Miséria
Eu viajo por todo país, e as vezes me pergunto: Onde está a miséria do mundo?
Por todas as cidades por onde passei se exceção nenhuma existe miséria, pessoas morando na rua, se remoendo de frio durante a noite, crianças fazendo malabares nos faróis, limpando vidro, vendendo chicletes, pessoas gritam no trem vendendo amendoim, chocolate, de repente entra um homem alto e forte, empurrando uma cadeira de rodas, com um rapaz de cadeira de rodas, ele sofreu de paralisia infantil e não conseguiu desenvolver as pernas, ele pede esmola. O homem forte espera em um canto do trem enquanto o homem empurra sua cadeira de rodas recolhendo o dinheiro das pessoas do trem. Eu me pergunto, Por que aquele homem do trem está empurrando uma cadeira as onze da manhã? Os dois descem do trem rapidamente, e entram em outro.

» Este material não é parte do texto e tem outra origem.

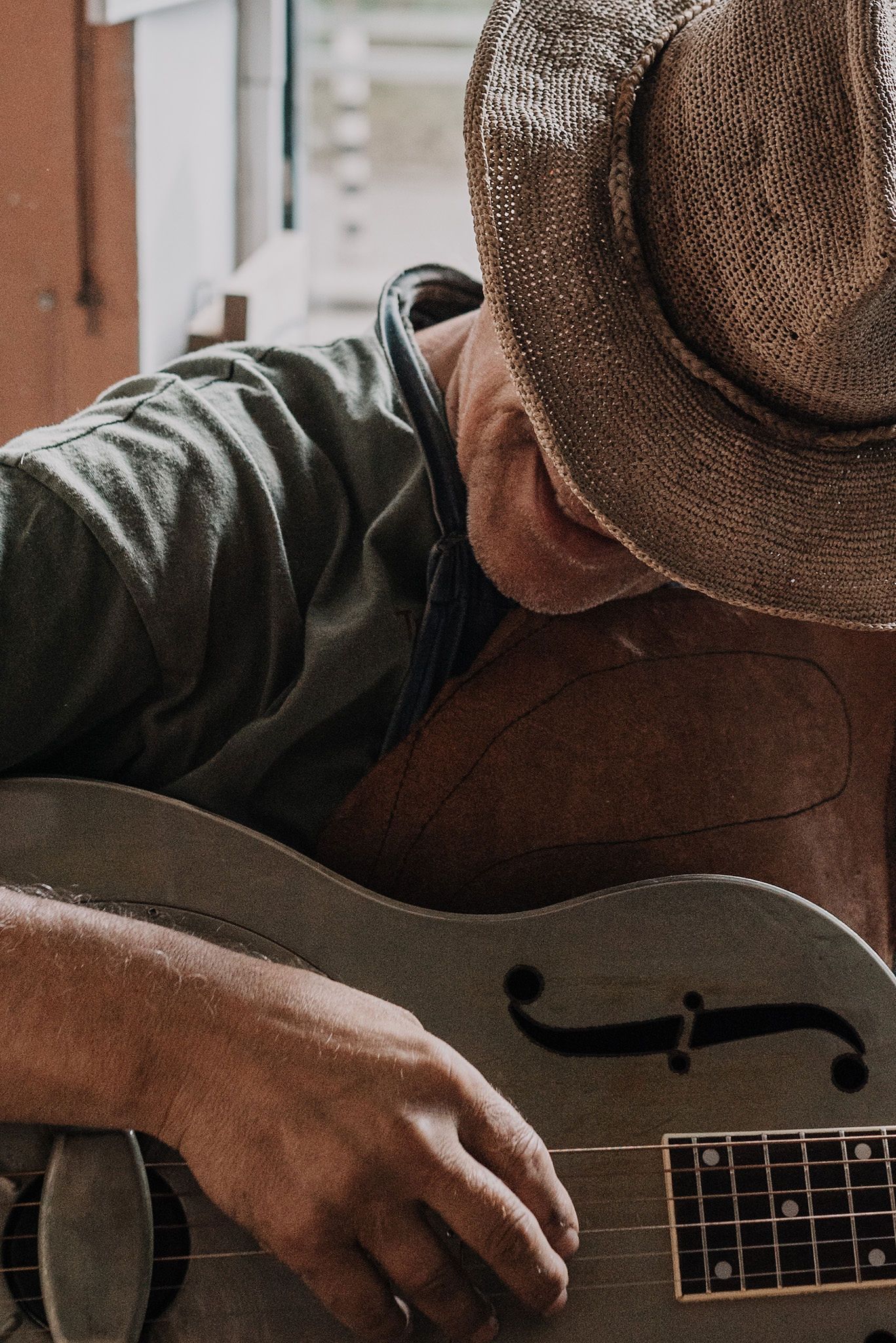 Close-up view of hands playing an acoustic guitar with a brown hat visible in frame.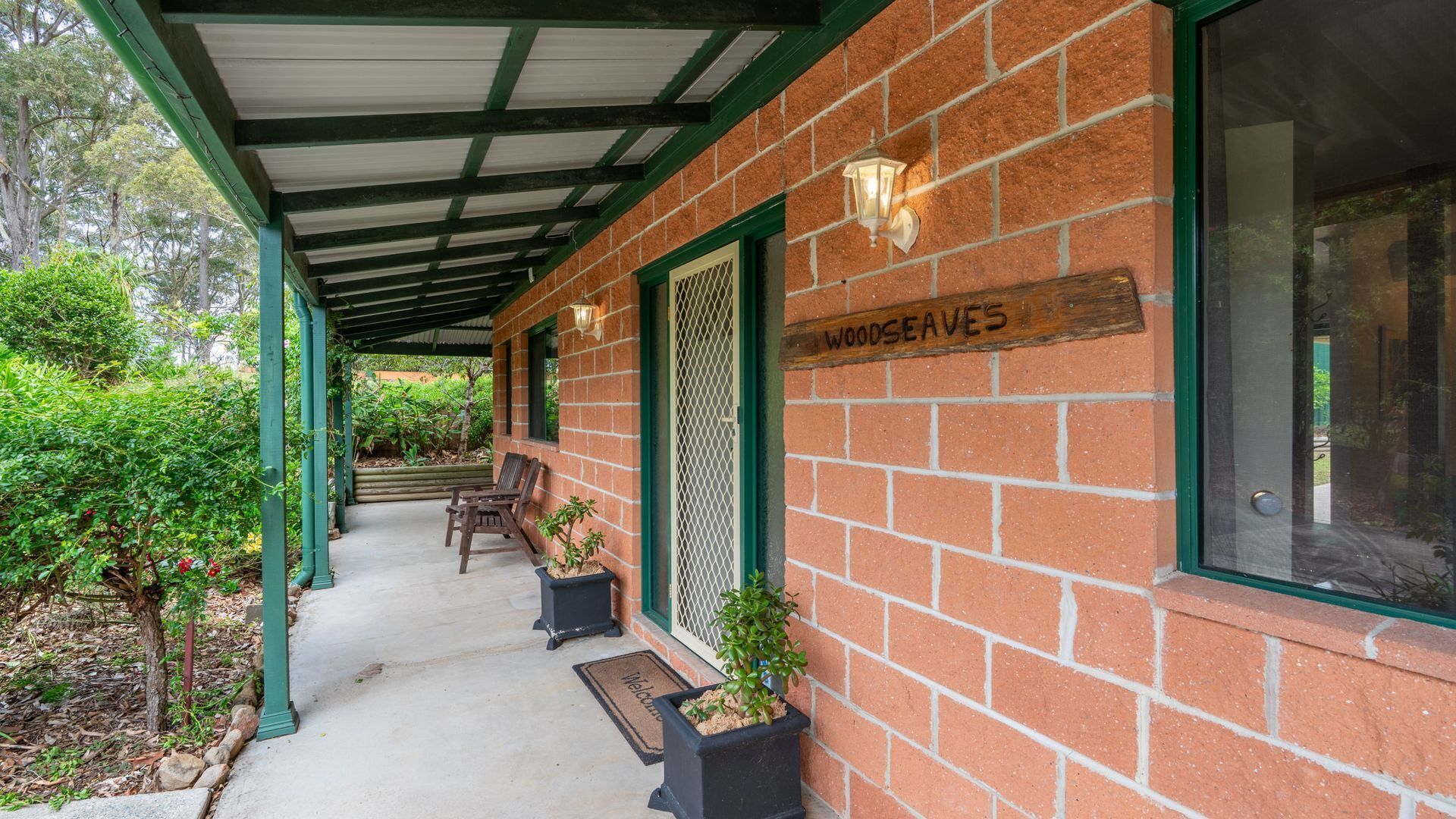 A covered porch with brick walls, a wooden sign reading "WOODS AVES", and potted plants.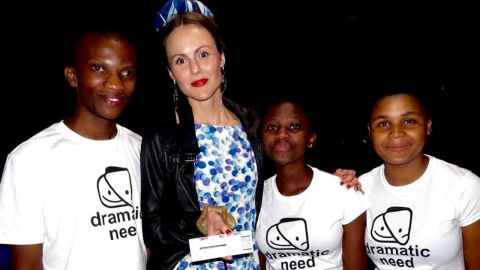 A woman with three young people wearing 'dramatic need' t-shirts.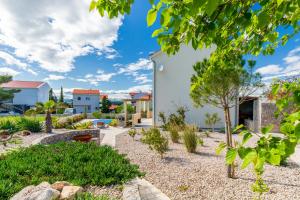 a view of a garden with a house at Kuća Koza-Apartment Marijana in Punat
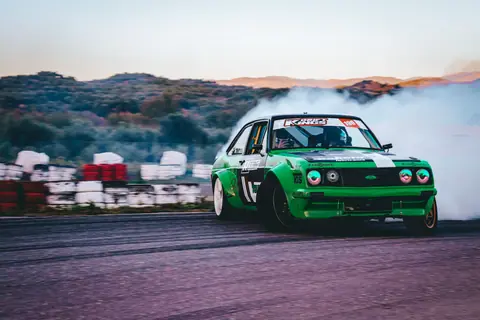 Green sports car drifts on a race track in Sparti, showcasing speed and action.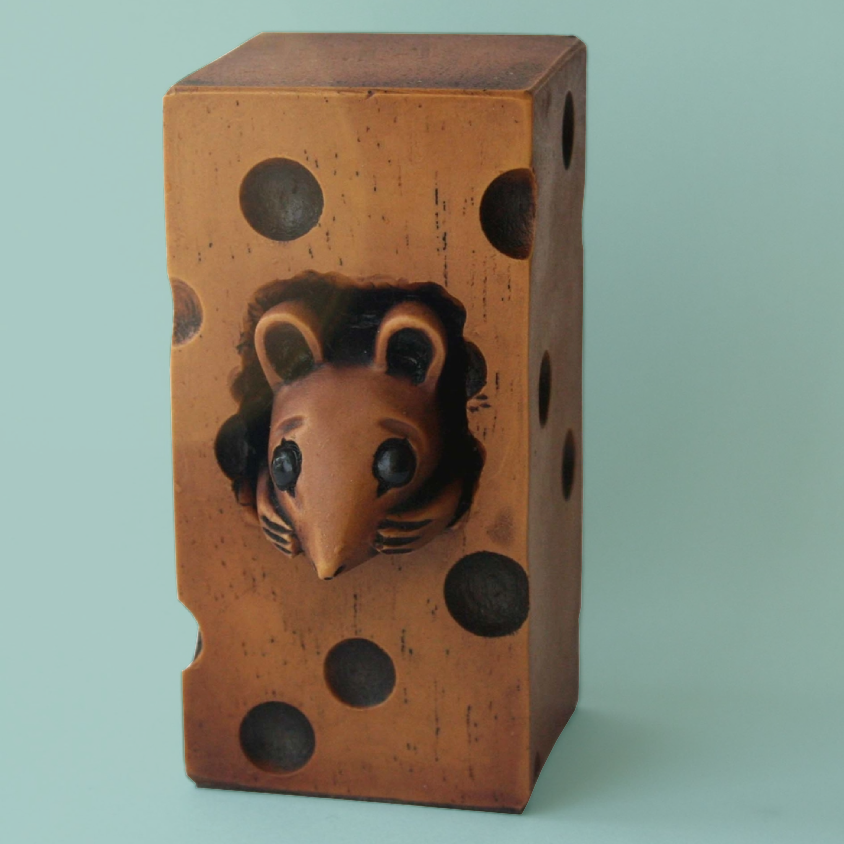 Carved figurine of a mouse inside a block of cheese.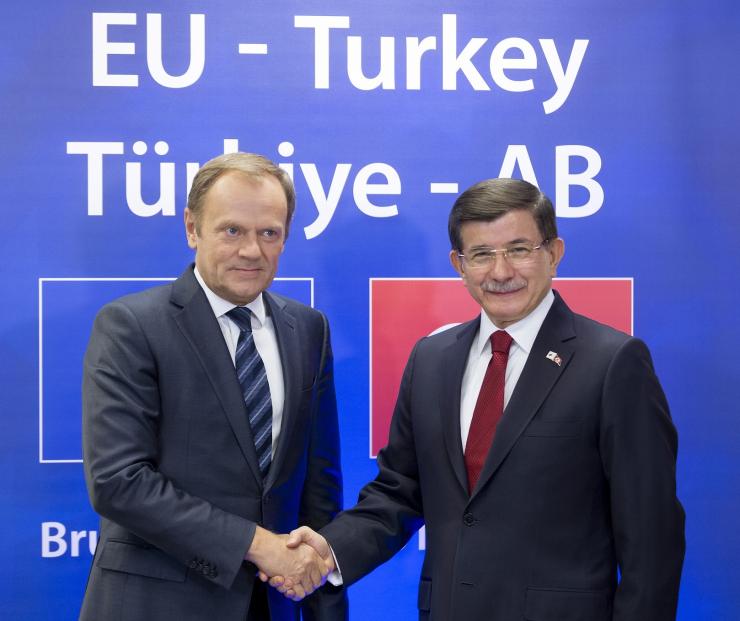 Turkish Prime Minister Ahmet Davutoglu is welcomed by European Council President Donald Tusk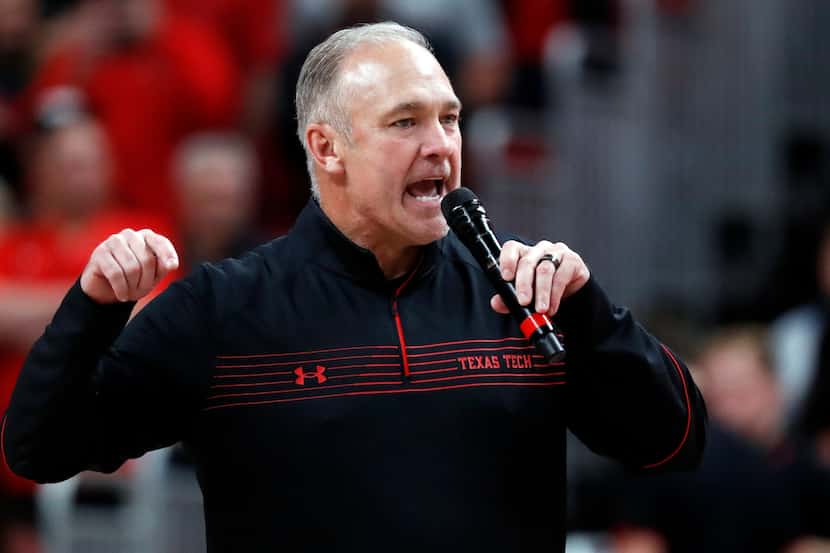 Texas Tech football coach Joey McGuire talks to the crowd during the halftime of an NCAA...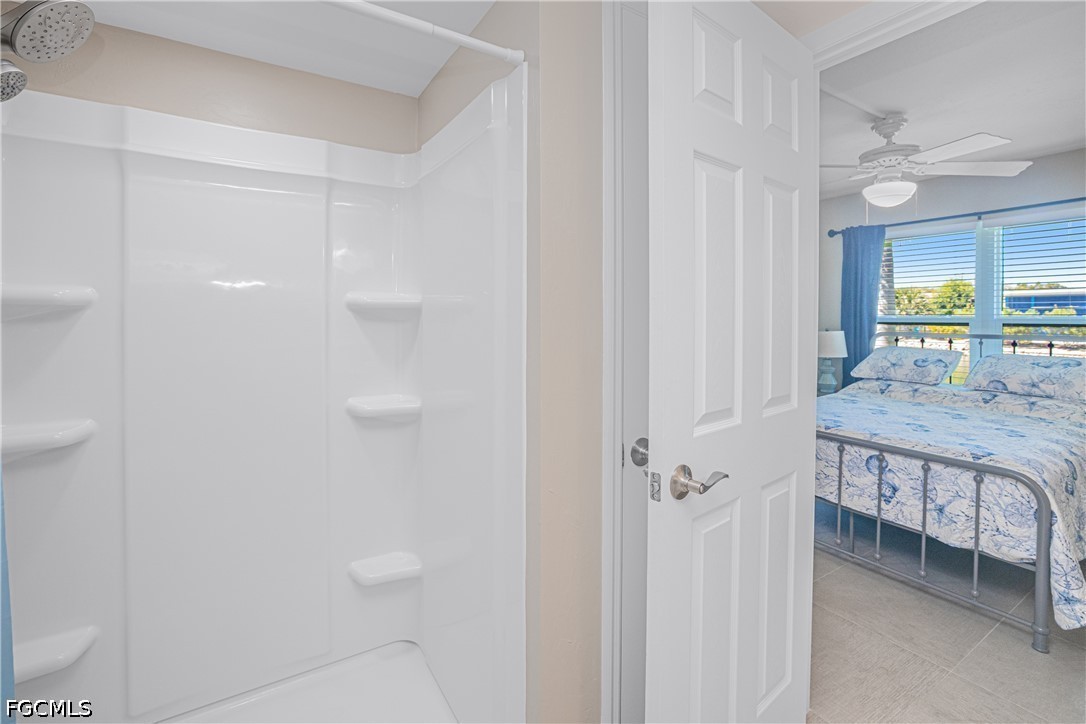 16007 Davis Road, Unit 713 Fort Myers, FL 33908 - Photo 23 of 41 a bathroom with a granite countertop sink and a mirror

Esse tipo de cena se repete todos os dias em todo o nosso país.
Passamos por dezenas, as vezes até centenas de pessoas todos os dias, vemos essas e muitas outras cenas todos os dias da nossa vida, virou rotina, ver criança morrendo de fome, trabalhando como adulto para se auto-sustentar pessoas morrendo de frio. Esses dias estava andando no centro do Rio, quando olhei para uma calçada, tinha um cara ensanguentado na calçada, ele estava acordado e sentado, cobrindo os ferimentos com jornal. Eu parei e olhei a cena. Nunca sei o que fazer quando isso acontece, pensei em chamar uma ambulância, fazer alguma coisa. Mas eu não fiz nada. Por que? Perguntei-me depois, na verdade sinto medo, medo de assumir a responsabilidade de ajudar o outro.
Nesse dia eu descobri onde está a miséria do povo.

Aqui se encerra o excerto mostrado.